25 November 2014

Hakim Agung : Vonis Mati Bandar Narkoba Tak Langgar HAM


Hakim Agung : Vonis Mati Bandar Narkoba Tak Langgar HAM

Polri mengungkap penyelundupan sabu dari sindikat narkotika internasional dengan barang bukti sabu seberat 71,5 kilogram, Jumat, 10 Oktober 2014. (CNN Indonesia/Aulia Bintang Pratama)
JakartaCNN Indonesia -- Hakim Agung Surya Jaya menilai vonis mati pantas diberikan untukbandar narkoba . Hukuman terberat ini layak diberikan pada produsen dan pengedar narkoba dan dinilai tidak melanggar hak asasi manusia (HAM).

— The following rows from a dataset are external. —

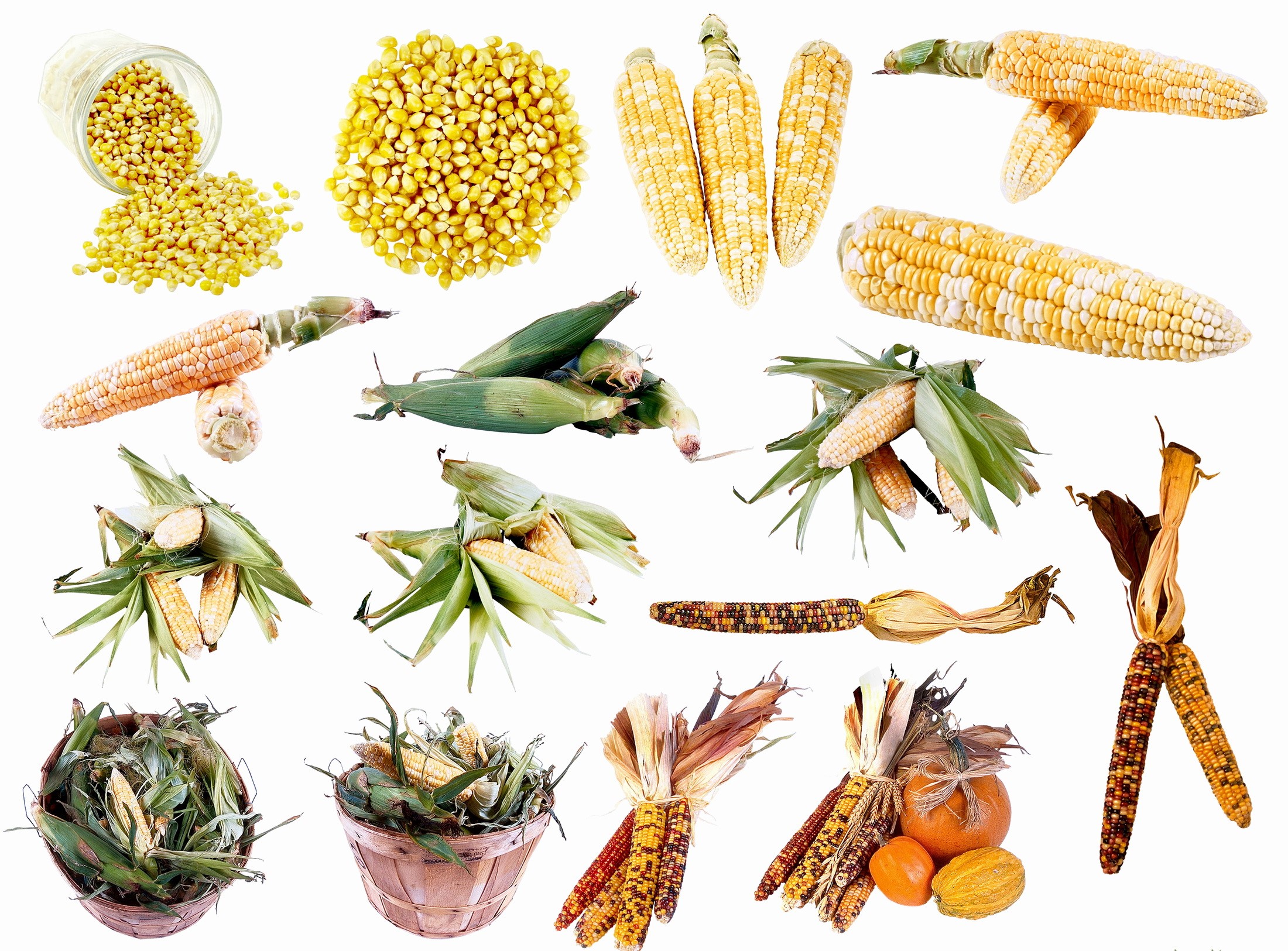 Various corn ears and kernels HD Wallpaper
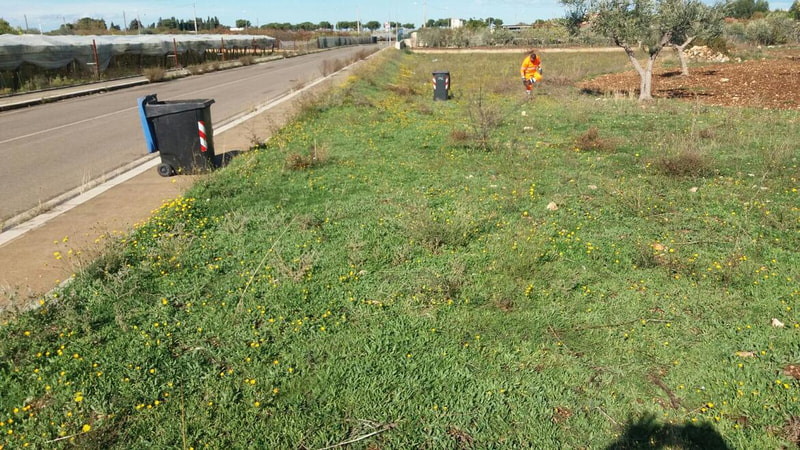 Immagine: IMG-20171109-WA0013905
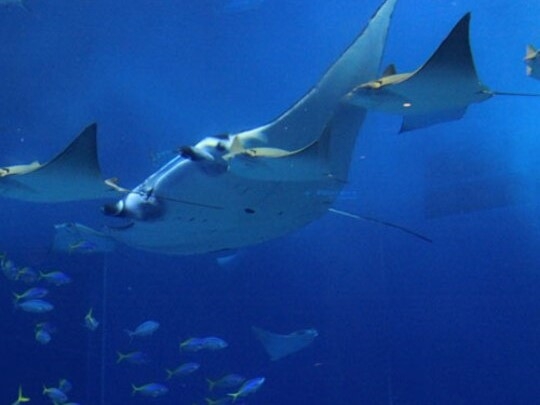 沖縄を代表する人気スポット「美ら海水族館」悠々と泳ぐトビエイ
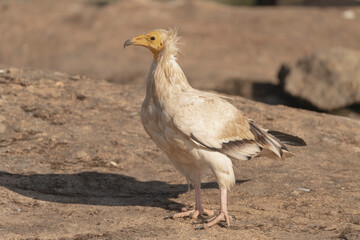 Egyptian vulture, white scavenger vulture, pharaoh's chicken - Neophron percnopterus standing on rock. Photo from Sierra de Gredos Mountain in Spain. Endangered specie.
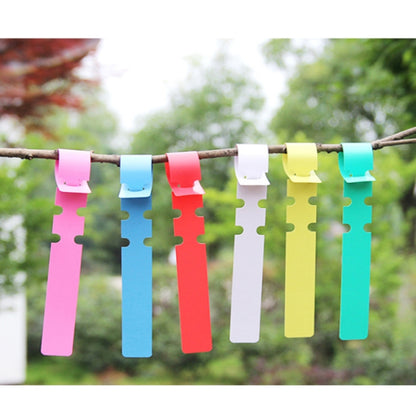 100 ชิ้นสวนพืชต้นกล้าเมล็ดแขวนป้ายต้นไม้, Plant Label 5 White, Plant Label 5 Pink, Plant Label 5 Yellow, Plant Label 5 Green, Plant Label 5 Blue, Plant Label 5 Red
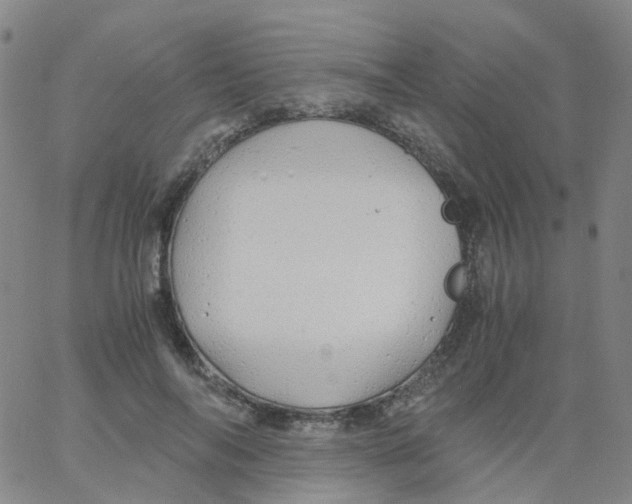 X0000060770694200512082034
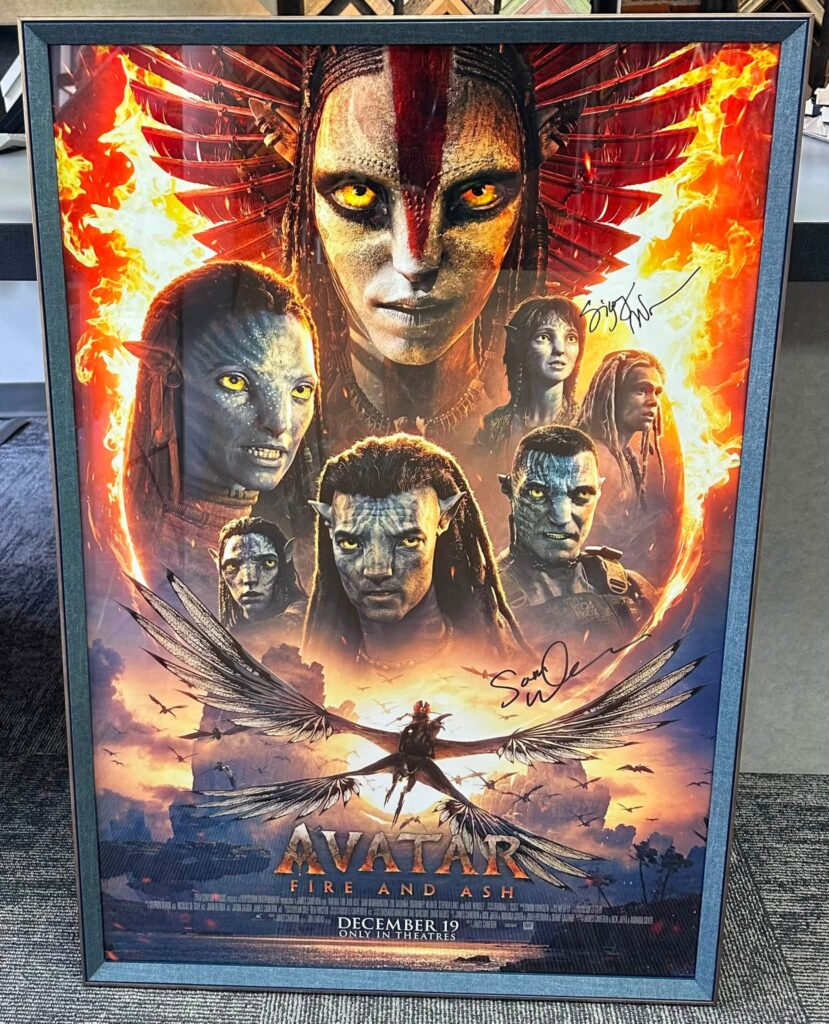 Movie Poster Framing Denver 
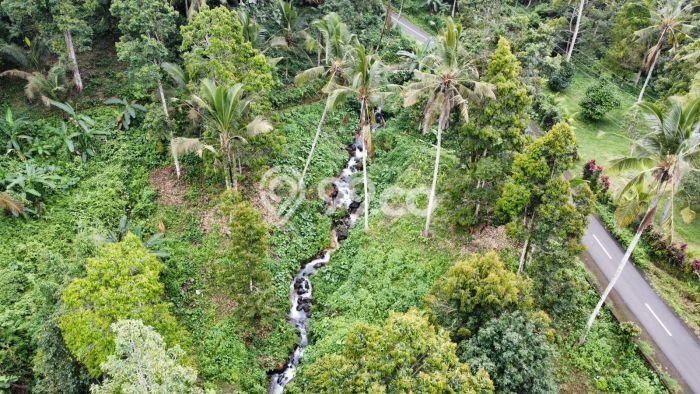 Tanah untuk Dijual Lokasi Tabanan, Tabanan Luas 4000m2 SHM Tanah untuk Dijual Lokasi Tabanan, Tabanan Luas 4000m2 SHM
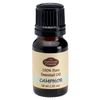 Fabulous Frannie Camphor 100% Pure, Undiluted Essential Oil Therapeutic Grade - 10 ml. Great for Aromatherapy!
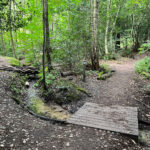Source of the River Blackwater at Rowhill Nature Reserve in Aldershot, Blackwater Valley Path in Hampshire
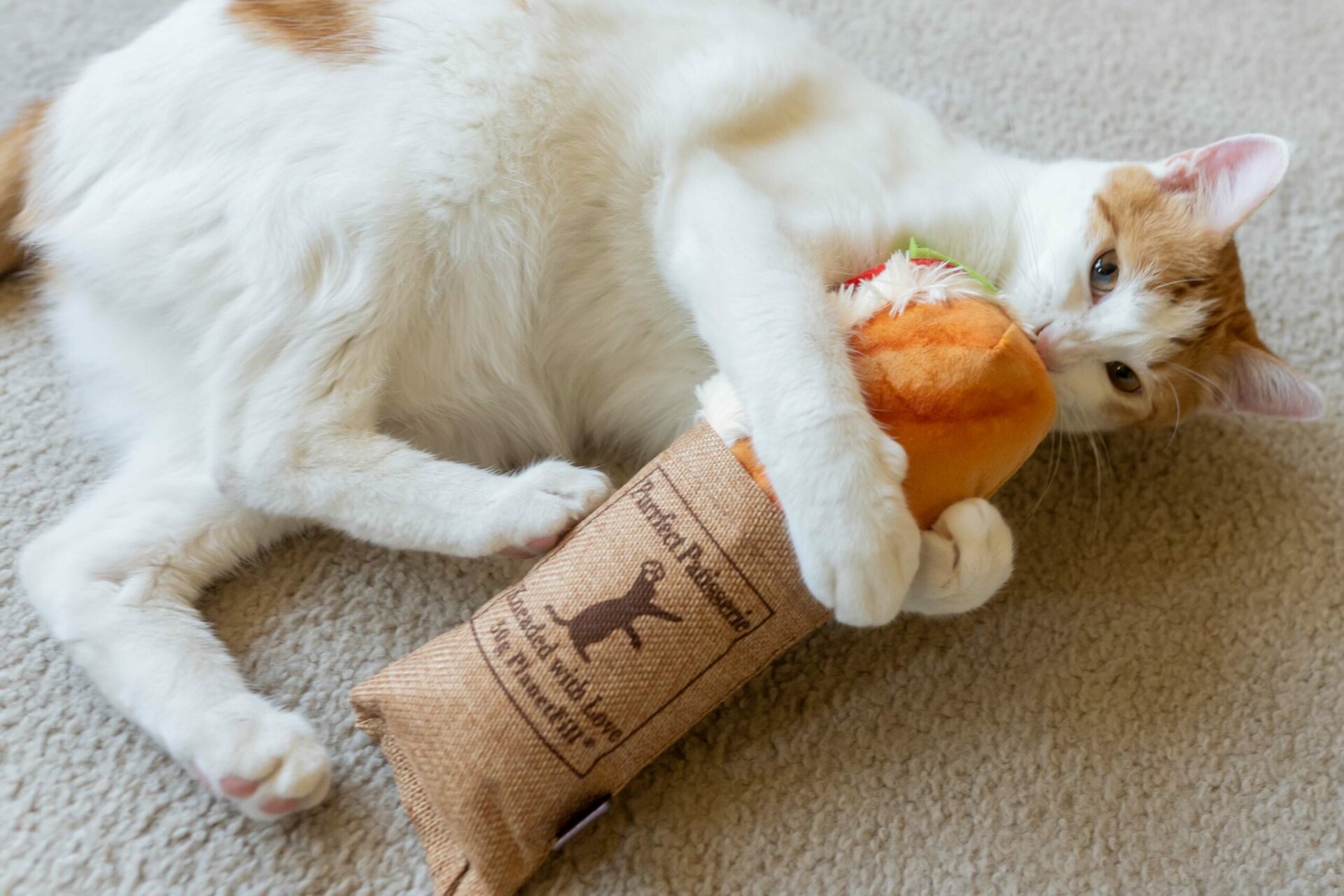 Feline Frenzy Kicker Tuna Baguette Cat Toy - Image 4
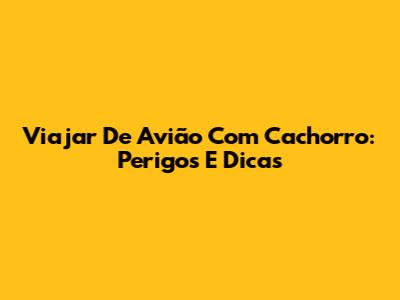 Viajar De Avião Com Cachorro: Perigos E Dicas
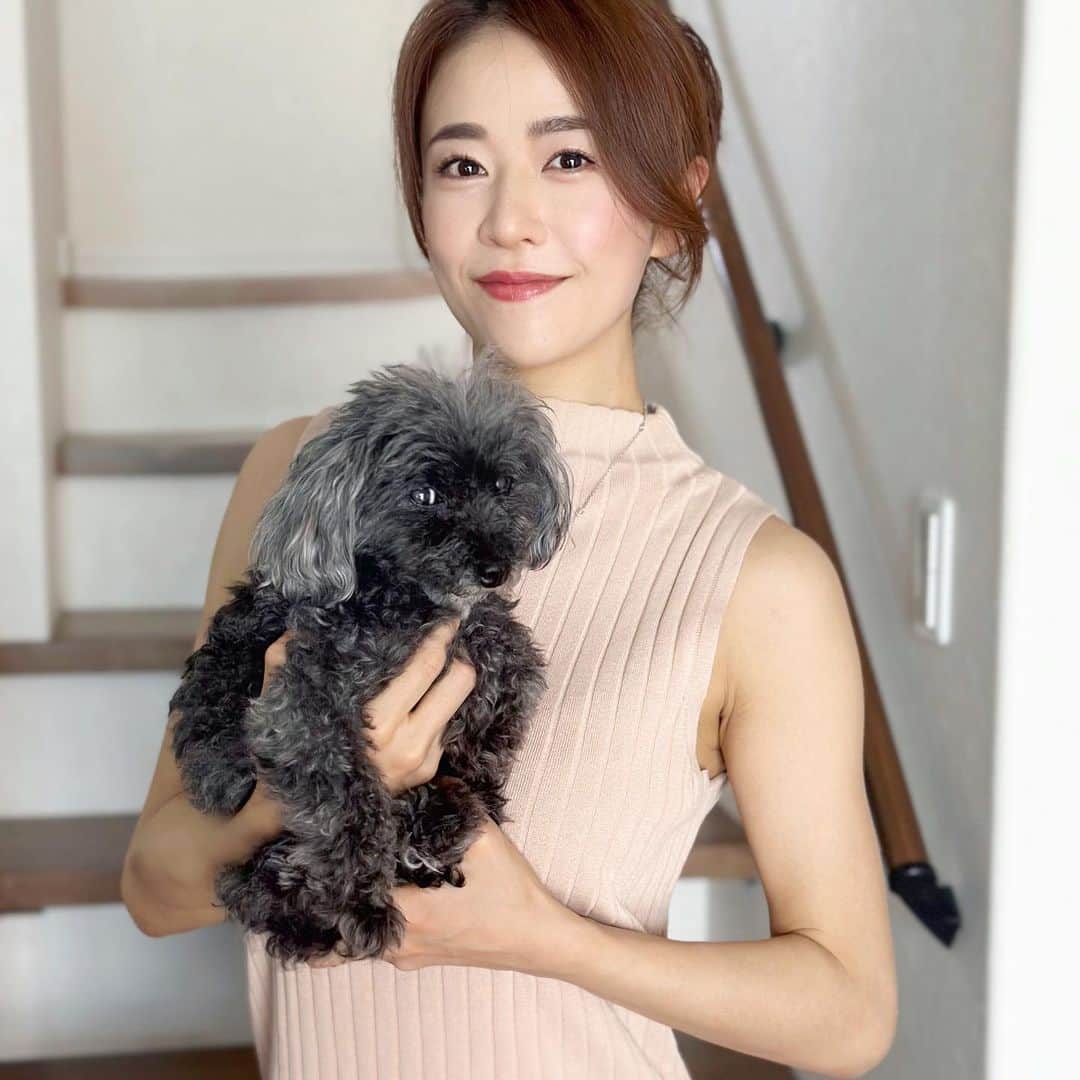 しろまっするのインスタグラム：「・ 写メだとあんまり小さく見えないんだけど、1.7kgのおちび🐶  来月13歳✨️ 1分1秒でも一緒にいる時間を大切にしたい🫶💗  てんかん発作もあったり、気管虚脱もあるので大変な事も多いけれど、一緒にいる時間は1番の癒し💛  長生きしてね♥🕊‪  #teacuppoodle #blackpoodle #ワンコのいる生活 #シニア犬 #しろの相棒 #しろまっする」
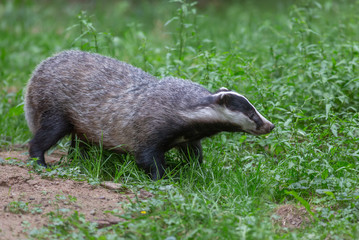 Badger in field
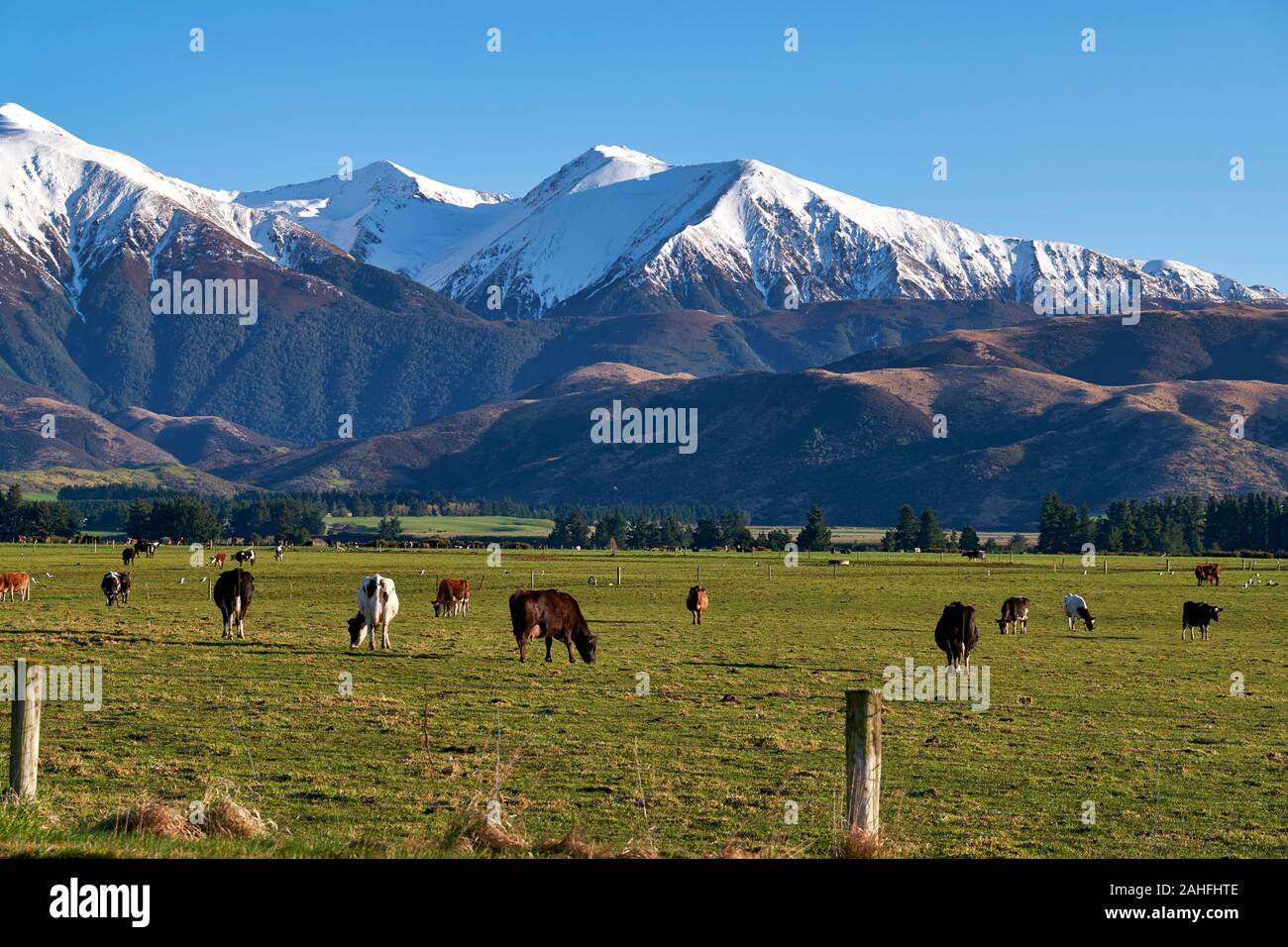 Cattle ranch new zealand hi-res stock photography and images - Alamy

"Produsen yang harus dihukum berat (mati)," ujar Surya kepada CNN Indonesia, di Jakarta, Rabu (19/11). 

Hukuman juga pantas diberikan pada pengedar yang membawa narkoba dengan jumlah banyak. Misalnya sudah membawa narkoba hingga beberapa kilogram. 

"Bayangkan, kalu dia membawa sampai ratusan kilo, kalau orang seperti ini dibiarkan hidup bisa mengancam jutaan orang, mana yang lebih kejam?" katanya. Apalagi jika jenis narkoba yang dibawa benar-benar membahayakan seperti sabu, morfin atau morfin.

Pilihan untuk menjatuhkan pidana mati menurut Surya sudah sesuai dengan hukum dan tidak melanggar HAM. Jika ada yang menuding melanggar HAM, Surya justru mempertanyakan sisi HAM yang mana atau siapa yang dilanggar.

Hak jutaan orang juga harus lebih dihormati dibandingkan hak satu orang bandar narkoba.

"Hak untuk hidup tidak bisa dikurangi dalam keadaan apapun kepada siapapun. Tapi hak dijamin sepanjang orang yang bersangkutan menghormati hak hidup org lain," kata Surya.

Lebih jauh, guru besar ilmu hukum Universitas Hasanudin ini menjelaskan, putusan hakim menjatuhkan hukuman mati dilindungi oleh konstitusi. Ini sudah diuji materi aturan pidana mati oleh Hakim Mahkamah Konstitusi (MK). 

Dalam putusannya, hakim MK manyatakan sah sehingga bisa diartikan pidana mati konstitusional. Selain itu, kata Surya, hukum positif masih membenarkan pidana mati. Karena itu ia berharap hakim tidak disalahkan jika satu saat menjatuhkan hukuman mati.

Hukuman mati produsen dan pengedar narkoba diatur dalam Undang-undang nomor 35 tahun 2009 tentang Narkotika. Dalam undang-undang ini, ada enam pasal yang mengatur hukuman pidana mati yakni pasal 113, 114. 116, 118, 119, dan 121.

Jika hukuman berat pantas diberikan pada produsen dan pengedar, namun tidak untuk kurir atau pecandu. Keduanya pantas mendapat mempertimbangan hukuman. Misalnya dengan mendapatkan rehabilitasi saja.

"Berapa masa rehabilitasi itu diskresi hakim tergantung fakta persidangan, yang penting syarat rehabilitasi terpenuhi," kata Surya.

Data Komisi untuk Orang Hilang dan Korban Tindak Kekerasan (KontraS) mencatat, sejak 2004 hingga 2008 sedikitnya sebanyak 19 orang telah divonis mati oleh hakim. Mayoritas dari mereka adalah tersangka penyalahgunaan narkoba. Selama kurun waktu 2008 hingga 2013 moratorium hukuman mati sempat diterapkan.

Namun, pada tahun 2013, vonis mati kembali dijatuhkan pada lima orang terdakwa. Salah satunya, warga negara Inggris, Lindsay Sandiford. Wanita berusia 56 tahun yang divonis hukuman mati lantaran menyelundupkan lima kilogram kokain dari Eropa ke Bali.